═════ Information shown

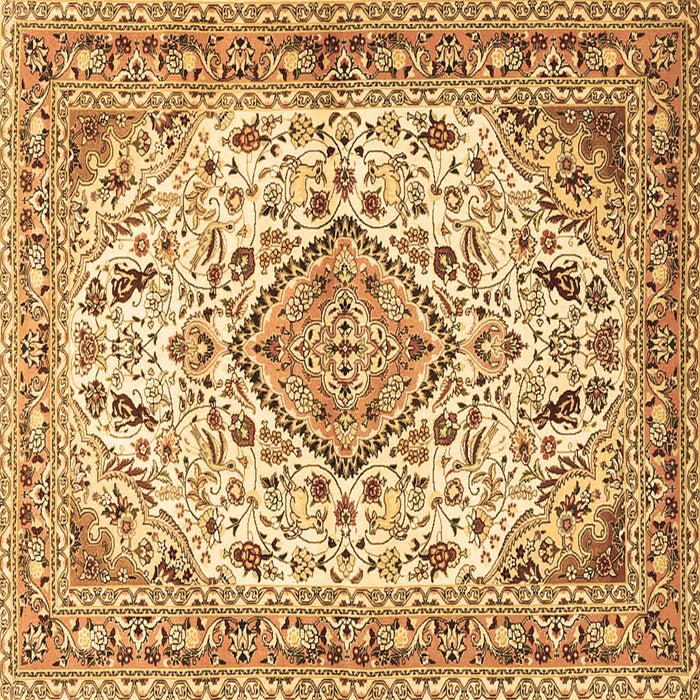 Square Medallion Brown Traditional Rug, tr4790brn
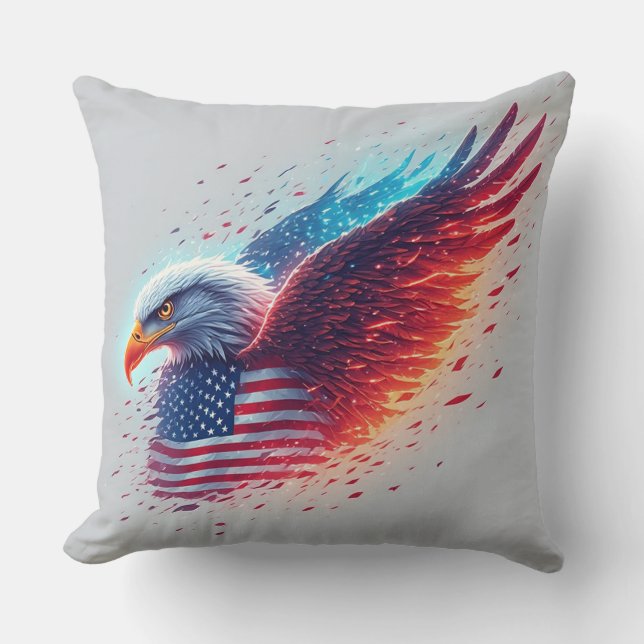 USA Independence Day Eagle Design Kudde (Framsida)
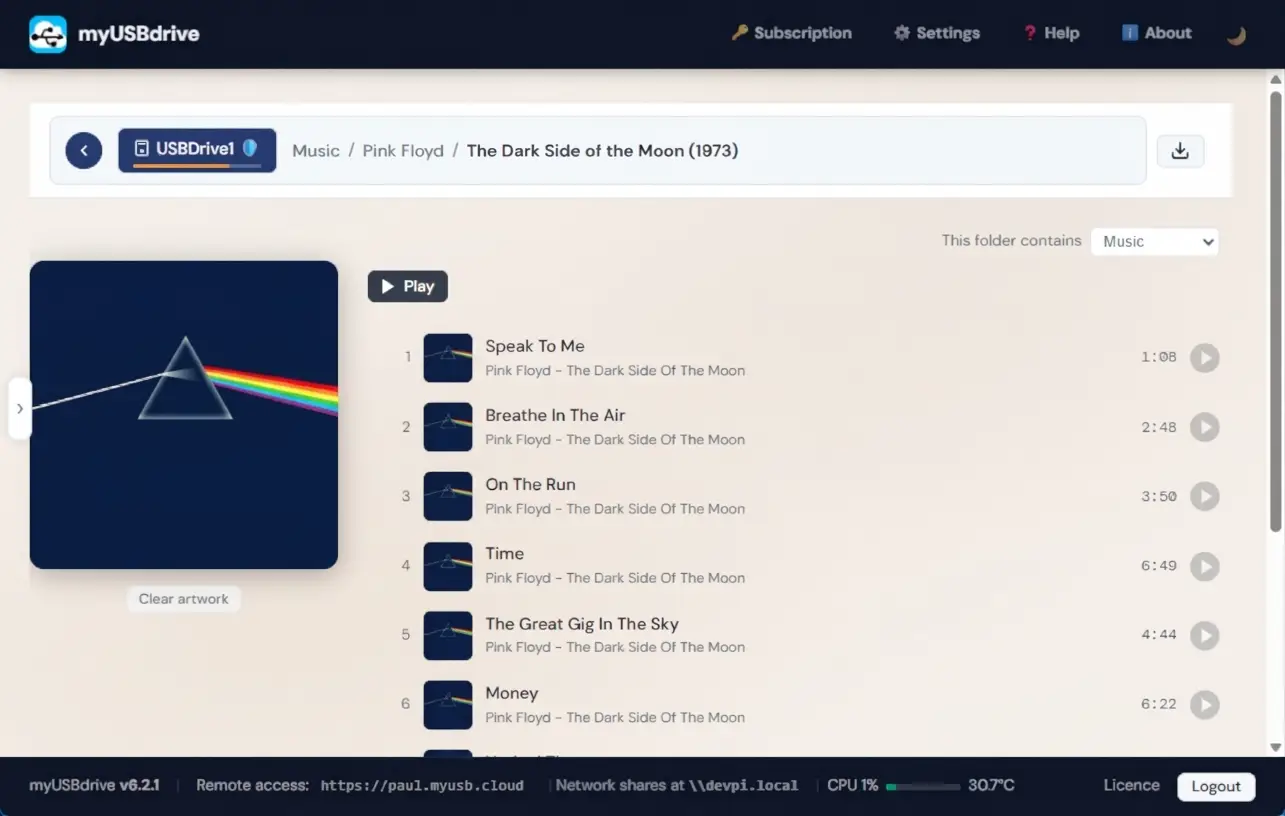 Music player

══════════

→ What is needed: Every line from the one with "USA Independence Day" through the last line of the listing above must be written out exactly, and no picture may appear.

→ Reply to the task:
 USA Independence Day Eagle Design Kudde (Framsida)
 Music player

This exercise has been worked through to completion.